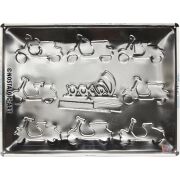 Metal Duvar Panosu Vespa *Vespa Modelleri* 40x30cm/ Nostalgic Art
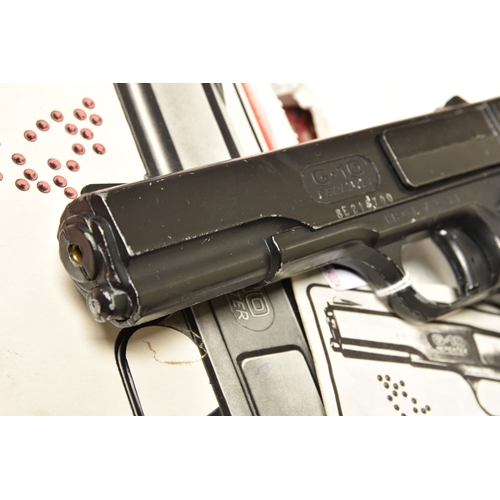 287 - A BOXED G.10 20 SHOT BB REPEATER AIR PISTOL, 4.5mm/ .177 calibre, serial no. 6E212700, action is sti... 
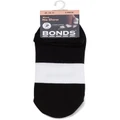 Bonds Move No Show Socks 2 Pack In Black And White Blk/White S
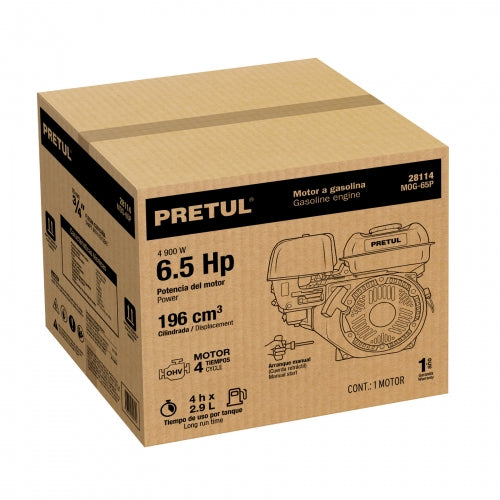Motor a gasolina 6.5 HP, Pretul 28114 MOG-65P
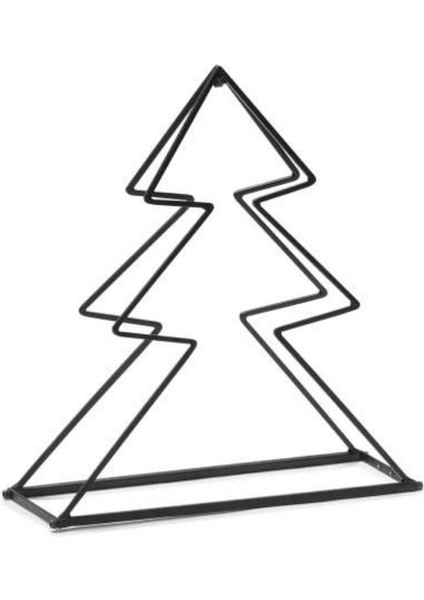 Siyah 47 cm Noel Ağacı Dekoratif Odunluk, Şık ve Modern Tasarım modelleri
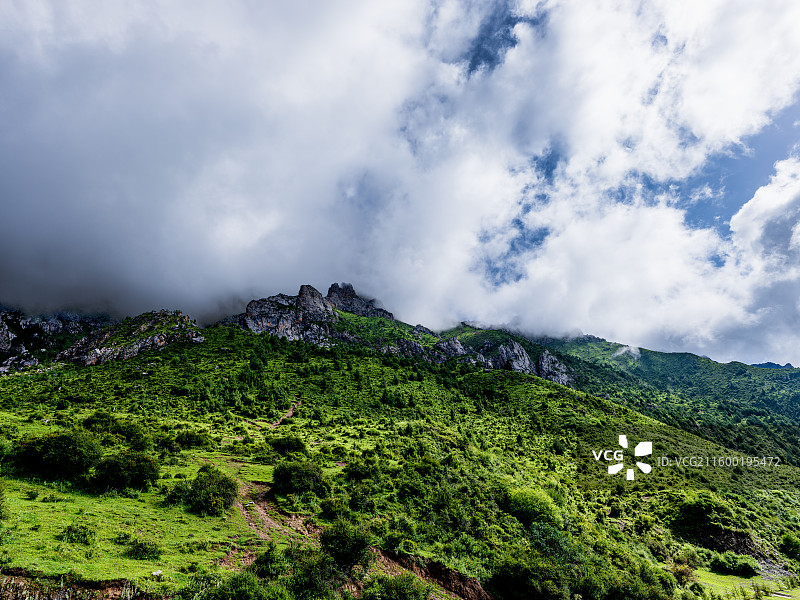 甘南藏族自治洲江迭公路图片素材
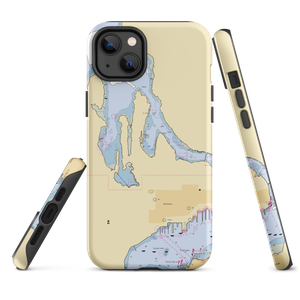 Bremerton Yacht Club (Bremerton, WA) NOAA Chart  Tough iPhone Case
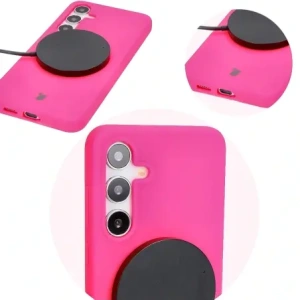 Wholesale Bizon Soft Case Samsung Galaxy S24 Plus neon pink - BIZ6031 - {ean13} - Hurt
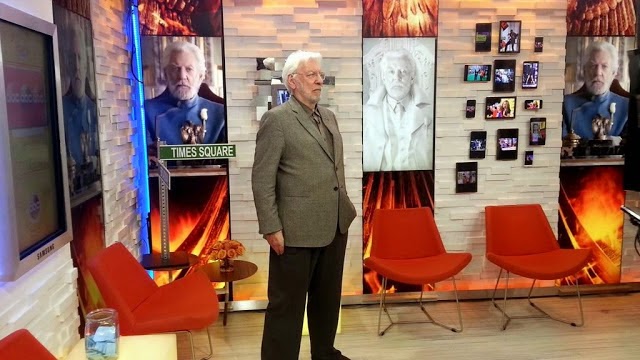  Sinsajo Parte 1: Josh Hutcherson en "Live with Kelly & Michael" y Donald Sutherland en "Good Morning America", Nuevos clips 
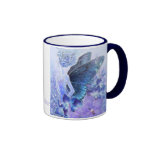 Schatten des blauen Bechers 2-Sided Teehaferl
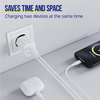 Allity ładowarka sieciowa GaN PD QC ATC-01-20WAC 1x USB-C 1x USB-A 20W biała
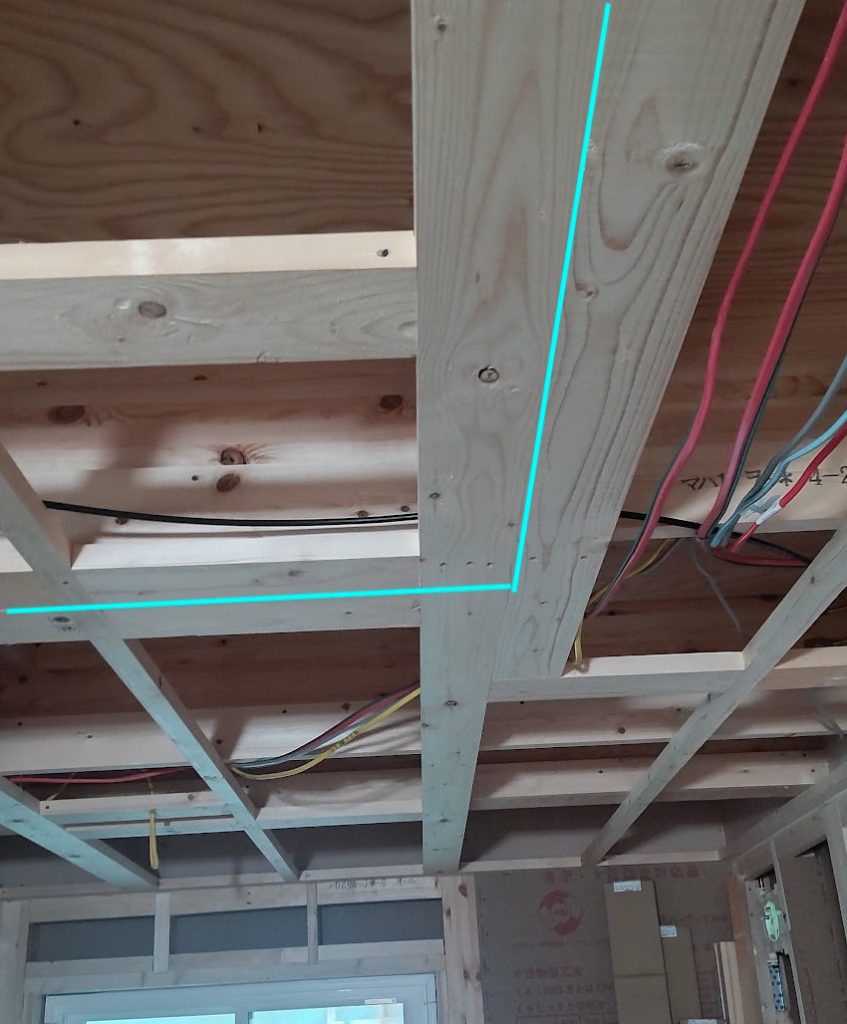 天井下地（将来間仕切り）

---

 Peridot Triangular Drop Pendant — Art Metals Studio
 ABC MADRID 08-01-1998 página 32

--

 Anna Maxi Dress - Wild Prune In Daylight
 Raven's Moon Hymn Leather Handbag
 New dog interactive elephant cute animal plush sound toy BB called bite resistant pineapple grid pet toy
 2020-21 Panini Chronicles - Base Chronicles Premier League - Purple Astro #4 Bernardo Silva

**EXERCISE AIM**
Please write out, exactly as they appear above, only the lines in the stretch from the line with "New dog interactive" through the line with "2020-21 Panini Chronicles".

**SOLUTION TO THIS PROBLEM**
 New dog interactive elephant cute animal plush sound toy BB called bite resistant pineapple grid pet toy
 2020-21 Panini Chronicles - Base Chronicles Premier League - Purple Astro #4 Bernardo Silva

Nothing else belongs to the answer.